If you are creating an Intelligent Edge project that uses vision machine learning models in the ONNX (Open Neural Network eXchange) format, the recent ONNX Runtime 0.5 release provides support and tutorials for using the NVIDIDA Jetson Nano and Intel's OpenVINO Toolkit for hardware-based optimization.

 

ONNX Runtime is a performance-focused complete scoring engine for Open Neural Network Exchange (ONNX) models, with an open extensible architecture to continually address the latest developments in AI and Deep Learning. ONNX Runtime stays up to date with the ONNX standard with complete implementation of all ONNX operators, and supports all ONNX releases (1.2+) with both future and backwards compatibility. Please refer to this page for ONNX opset compatibility details.

 

ONNX is an interoperable format for machine learning models supported by various ML and DNN frameworks and tools.
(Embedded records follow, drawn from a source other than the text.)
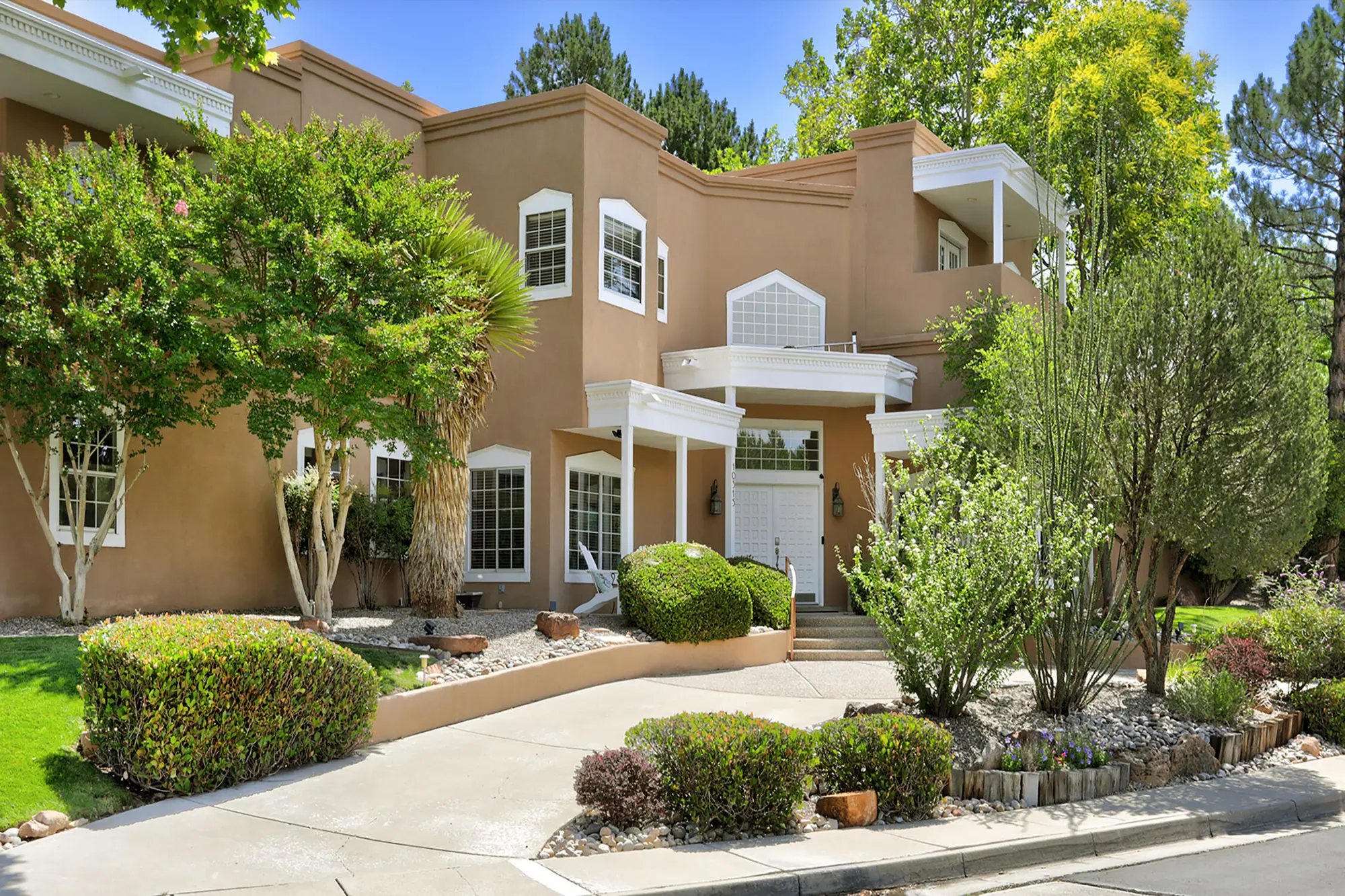 10515 Royal Troon NE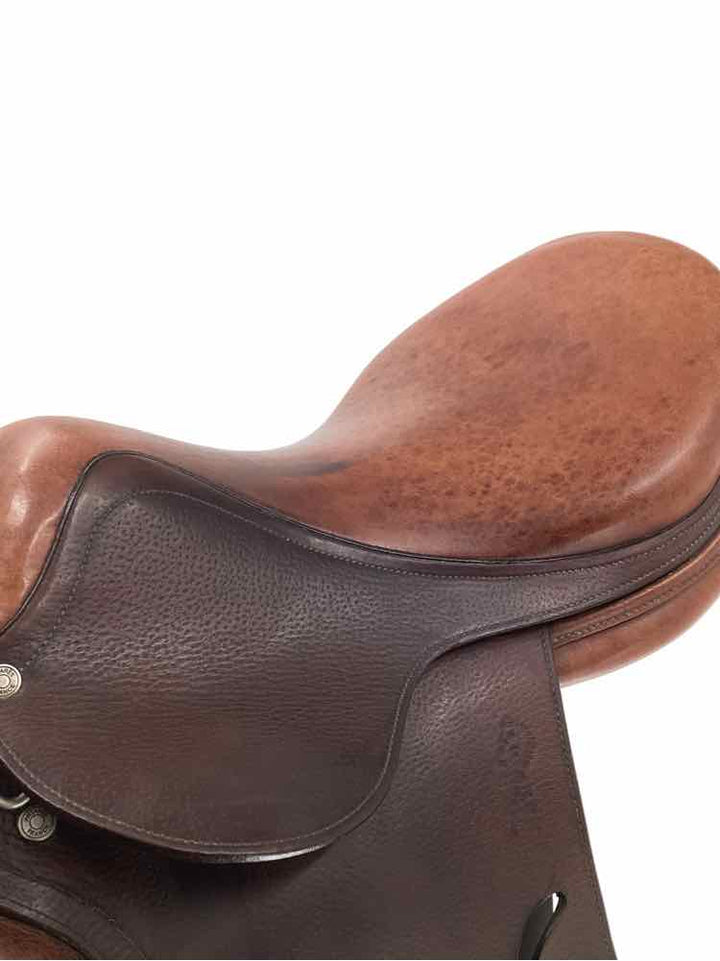 17" Antares close contact saddle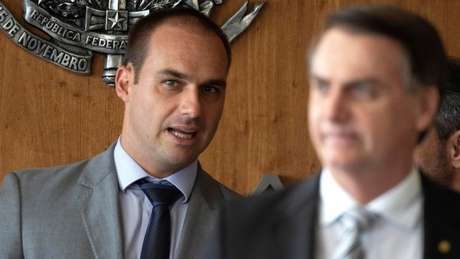 O presidente Jair Bolsonaro afirmou que escolheu o filho Eduardo para o cargo de embaixador do Brasil nos Estados Unidos O presidente Jair Bolsonaro afirmou que escolheu o filho Eduardo para o cargo de embaixador do Brasil nos Estados Unidos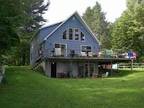 $260 / 4br - Secluded in southern Adirondacks (Great Sacandaga Lake) (map) 4br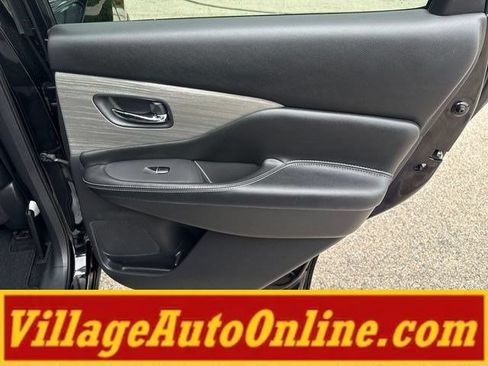 Used 2015 Nissan Murano Platinum w/ Platinum Technology Package AWD/4WD image 45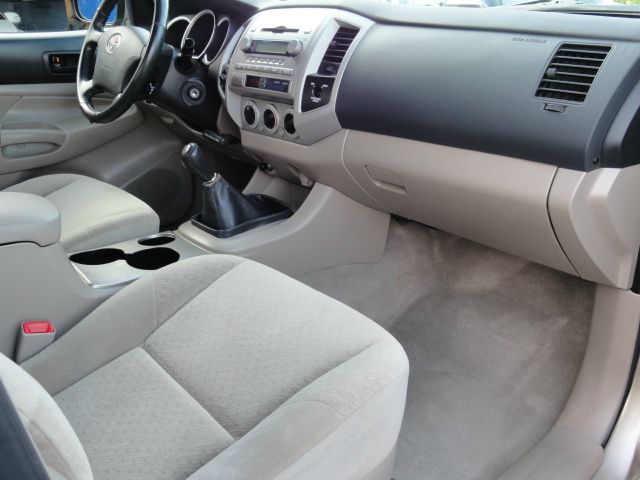 Toyota Tacoma 2005 photo 18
The universal format makes it easier to interoperate between frameworks and maximize the reach of hardware optimization investments.

 

Read the complete blog announcement on the Microsoft Open Source Blog - Now available: ONNX Runtime 0.5 with support for edge hardware acceleration

 

Additional Resources - 

Find more resources for Intelligent Edge device builders at the Intelligent Edge Device Builder Resource Center.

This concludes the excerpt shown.